4.6 Convergence analysis

To explore the efficiency of our location-based approach, we further conduct several experiments to compare the convergence of our L-WMF method with the state-of-the-art WMF method on two datasets. In comparisons, we use the same number of samples for training, validating and testing, and set the same learning rate for both two methods (both are set as 0.05). The comparison results are shown in Fig. 5, from which we can observe that these methods both converge very fast. They can converge within 3 iterations in Gowalla and 4 iterations in Foursquare. Although our L-WMF method incorporates location information as regularization terms, compared with WMF the convergence speed is not slowed by these fused information, but get better result. This experimental result demonstrates that our method can utilize these geographical characteristics efficiently and effectively.
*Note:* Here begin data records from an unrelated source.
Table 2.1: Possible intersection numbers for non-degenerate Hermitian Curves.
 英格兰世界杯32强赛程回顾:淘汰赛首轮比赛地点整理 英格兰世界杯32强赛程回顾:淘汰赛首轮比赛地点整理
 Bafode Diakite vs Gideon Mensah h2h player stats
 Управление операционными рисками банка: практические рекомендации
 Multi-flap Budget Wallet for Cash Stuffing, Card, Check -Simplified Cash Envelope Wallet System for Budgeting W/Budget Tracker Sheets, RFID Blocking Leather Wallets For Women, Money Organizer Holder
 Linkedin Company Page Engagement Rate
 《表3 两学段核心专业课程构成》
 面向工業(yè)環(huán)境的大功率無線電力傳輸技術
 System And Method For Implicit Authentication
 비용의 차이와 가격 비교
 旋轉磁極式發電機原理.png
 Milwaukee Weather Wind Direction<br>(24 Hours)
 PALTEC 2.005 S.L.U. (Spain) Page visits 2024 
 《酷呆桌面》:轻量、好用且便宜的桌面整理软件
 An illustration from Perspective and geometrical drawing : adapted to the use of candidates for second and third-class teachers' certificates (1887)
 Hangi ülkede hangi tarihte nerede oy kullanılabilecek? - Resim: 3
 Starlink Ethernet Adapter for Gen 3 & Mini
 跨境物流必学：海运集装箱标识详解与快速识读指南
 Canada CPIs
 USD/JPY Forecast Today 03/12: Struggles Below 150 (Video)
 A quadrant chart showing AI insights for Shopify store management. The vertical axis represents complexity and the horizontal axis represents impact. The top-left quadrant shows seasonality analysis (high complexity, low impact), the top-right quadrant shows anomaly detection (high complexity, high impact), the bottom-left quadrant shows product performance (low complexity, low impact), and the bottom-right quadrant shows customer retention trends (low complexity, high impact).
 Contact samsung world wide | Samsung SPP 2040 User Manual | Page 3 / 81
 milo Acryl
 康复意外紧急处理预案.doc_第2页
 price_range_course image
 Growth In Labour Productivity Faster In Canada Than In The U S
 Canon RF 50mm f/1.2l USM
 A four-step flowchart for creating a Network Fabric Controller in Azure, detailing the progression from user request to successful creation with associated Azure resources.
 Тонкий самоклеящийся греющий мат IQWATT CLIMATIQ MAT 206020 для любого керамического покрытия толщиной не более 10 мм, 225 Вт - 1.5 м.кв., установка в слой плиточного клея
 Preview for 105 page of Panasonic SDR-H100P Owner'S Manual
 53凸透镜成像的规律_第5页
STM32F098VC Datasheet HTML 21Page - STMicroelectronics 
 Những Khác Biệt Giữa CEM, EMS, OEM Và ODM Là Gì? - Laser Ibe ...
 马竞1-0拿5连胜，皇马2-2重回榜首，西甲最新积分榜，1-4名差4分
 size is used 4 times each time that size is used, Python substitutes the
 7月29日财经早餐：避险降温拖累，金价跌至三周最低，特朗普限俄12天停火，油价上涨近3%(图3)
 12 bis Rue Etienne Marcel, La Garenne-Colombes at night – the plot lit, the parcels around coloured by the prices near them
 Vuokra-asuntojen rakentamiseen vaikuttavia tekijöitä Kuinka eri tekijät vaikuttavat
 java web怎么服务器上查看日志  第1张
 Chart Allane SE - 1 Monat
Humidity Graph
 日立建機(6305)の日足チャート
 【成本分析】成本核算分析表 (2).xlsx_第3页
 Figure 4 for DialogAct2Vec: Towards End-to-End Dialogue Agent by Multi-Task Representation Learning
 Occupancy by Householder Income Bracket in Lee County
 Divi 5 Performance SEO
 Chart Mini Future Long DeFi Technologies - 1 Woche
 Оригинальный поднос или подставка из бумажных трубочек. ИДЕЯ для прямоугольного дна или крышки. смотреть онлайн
5 Conclusions and future work

To further explore the geographical information for POI recommendation, this work mainly focuses on how to utilize location-aware matrix factorization method to model the influence of geographical characteristics, and proposes a location regularization-based POI recommendation method L-WMF from a location perspective. This kind of feature is different from users’ latent factors and should be considered differently. To deal with the implicit feedback, we first introduce the WMF method to make up the shortcomings of traditional matrix factorization method. To exploit the geographical features to improve the recommendation process, we further incorporate them as location regularization terms. Experimental results on two real-world datasets demonstrate that our method can effectively utilize the geographical information and can make better recommendations than other related work.

To simplify this problem, this work mainly emphasizes on how to explore the influence of geographical information, and other kind of side information has not been considered, which may also plays an important role in the recommendation process. Moreover, as deep learning-based techniques can handle multi-dimensional information and have been demonstrated in many related tasks (such as network embedding and link prediction), we plan to build deep neural network-based model to incorporate multi-dimensional information for POI recommendation in future work.